REQUIRED WORK >>
Beneath this instruction is a listing. Transcribe from it only the stretch from the line with "Tuân và Nam tại cơ quan công an." through the line with "Sherrills Ford Casa", both end lines included, exactly as written.

Top of MATERIALS PROVIDED

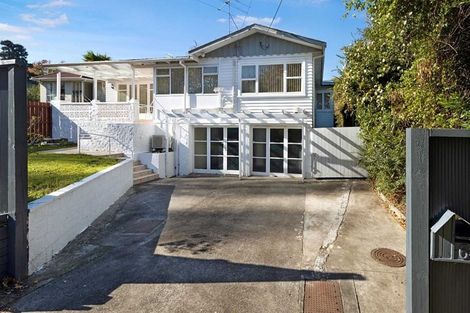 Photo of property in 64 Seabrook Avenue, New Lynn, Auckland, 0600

Bottom of MATERIALS PROVIDED
Top of MATERIALS PROVIDED

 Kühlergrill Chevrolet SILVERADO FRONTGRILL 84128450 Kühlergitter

Bottom of MATERIALS PROVIDED
Top of MATERIALS PROVIDED

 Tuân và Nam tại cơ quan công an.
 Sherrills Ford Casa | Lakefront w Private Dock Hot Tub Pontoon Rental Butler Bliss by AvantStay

Bottom of MATERIALS PROVIDED

SOLUTION TO THIS EXERCISE >>
 Tuân và Nam tại cơ quan công an.
 Sherrills Ford Casa | Lakefront w Private Dock Hot Tub Pontoon Rental Butler Bliss by AvantStay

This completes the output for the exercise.